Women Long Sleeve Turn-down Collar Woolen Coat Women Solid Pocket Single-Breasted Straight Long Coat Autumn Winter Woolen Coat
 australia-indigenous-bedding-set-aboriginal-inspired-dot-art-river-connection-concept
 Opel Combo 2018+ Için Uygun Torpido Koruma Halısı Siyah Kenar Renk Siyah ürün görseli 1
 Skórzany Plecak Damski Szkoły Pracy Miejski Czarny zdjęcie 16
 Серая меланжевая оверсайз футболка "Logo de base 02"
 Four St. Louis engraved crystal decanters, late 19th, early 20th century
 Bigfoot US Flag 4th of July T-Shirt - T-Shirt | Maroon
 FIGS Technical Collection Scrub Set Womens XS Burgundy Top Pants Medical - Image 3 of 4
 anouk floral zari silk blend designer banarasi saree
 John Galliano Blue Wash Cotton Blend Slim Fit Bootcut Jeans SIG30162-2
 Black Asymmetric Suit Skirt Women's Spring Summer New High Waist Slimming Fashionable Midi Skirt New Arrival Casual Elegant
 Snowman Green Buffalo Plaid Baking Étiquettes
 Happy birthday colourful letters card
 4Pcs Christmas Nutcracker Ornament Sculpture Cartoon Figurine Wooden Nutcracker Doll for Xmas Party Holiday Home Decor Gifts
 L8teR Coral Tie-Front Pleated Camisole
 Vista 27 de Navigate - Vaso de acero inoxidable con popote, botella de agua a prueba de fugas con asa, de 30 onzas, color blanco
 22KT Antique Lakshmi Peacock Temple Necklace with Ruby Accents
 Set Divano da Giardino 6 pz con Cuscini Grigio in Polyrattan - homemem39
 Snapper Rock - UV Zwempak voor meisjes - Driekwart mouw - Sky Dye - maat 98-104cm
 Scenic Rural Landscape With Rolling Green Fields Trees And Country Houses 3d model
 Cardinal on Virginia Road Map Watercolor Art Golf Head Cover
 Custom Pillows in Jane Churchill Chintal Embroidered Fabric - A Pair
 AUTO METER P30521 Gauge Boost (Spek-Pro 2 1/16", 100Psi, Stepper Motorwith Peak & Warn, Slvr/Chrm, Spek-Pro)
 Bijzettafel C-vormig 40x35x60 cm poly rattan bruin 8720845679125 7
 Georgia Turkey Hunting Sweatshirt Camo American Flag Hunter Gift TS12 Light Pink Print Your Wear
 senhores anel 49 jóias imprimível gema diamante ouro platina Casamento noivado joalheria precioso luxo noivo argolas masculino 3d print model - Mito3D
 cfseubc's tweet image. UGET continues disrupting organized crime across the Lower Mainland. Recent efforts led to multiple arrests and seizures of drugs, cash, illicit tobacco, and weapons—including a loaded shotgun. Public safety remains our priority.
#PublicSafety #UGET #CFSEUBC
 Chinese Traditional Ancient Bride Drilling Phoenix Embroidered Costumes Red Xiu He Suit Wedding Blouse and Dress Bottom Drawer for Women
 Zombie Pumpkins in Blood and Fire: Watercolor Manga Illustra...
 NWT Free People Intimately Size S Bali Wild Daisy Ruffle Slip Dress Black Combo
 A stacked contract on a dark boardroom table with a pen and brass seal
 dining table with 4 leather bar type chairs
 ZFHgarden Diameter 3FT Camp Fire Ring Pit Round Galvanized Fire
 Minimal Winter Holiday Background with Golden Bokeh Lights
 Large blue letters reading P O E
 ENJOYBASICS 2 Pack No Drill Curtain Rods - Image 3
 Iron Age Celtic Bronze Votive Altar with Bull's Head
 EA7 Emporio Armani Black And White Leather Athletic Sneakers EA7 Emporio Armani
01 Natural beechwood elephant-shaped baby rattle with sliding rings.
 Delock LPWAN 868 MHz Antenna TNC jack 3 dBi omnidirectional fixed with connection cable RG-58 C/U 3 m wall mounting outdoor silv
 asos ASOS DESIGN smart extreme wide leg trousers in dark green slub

● ● ● ●

__Work to be completed__. From the material above, set down exactly the lines starting at the one with "Black Asymmetric Suit" and ending at the one with "Set Divano da", end lines included.

__Written answer__.
 Black Asymmetric Suit Skirt Women's Spring Summer New High Waist Slimming Fashionable Midi Skirt New Arrival Casual Elegant
 Snowman Green Buffalo Plaid Baking Étiquettes
 Happy birthday colourful letters card
 4Pcs Christmas Nutcracker Ornament Sculpture Cartoon Figurine Wooden Nutcracker Doll for Xmas Party Holiday Home Decor Gifts
 L8teR Coral Tie-Front Pleated Camisole
 Vista 27 de Navigate - Vaso de acero inoxidable con popote, botella de agua a prueba de fugas con asa, de 30 onzas, color blanco
 22KT Antique Lakshmi Peacock Temple Necklace with Ruby Accents
 Set Divano da Giardino 6 pz con Cuscini Grigio in Polyrattan - homemem39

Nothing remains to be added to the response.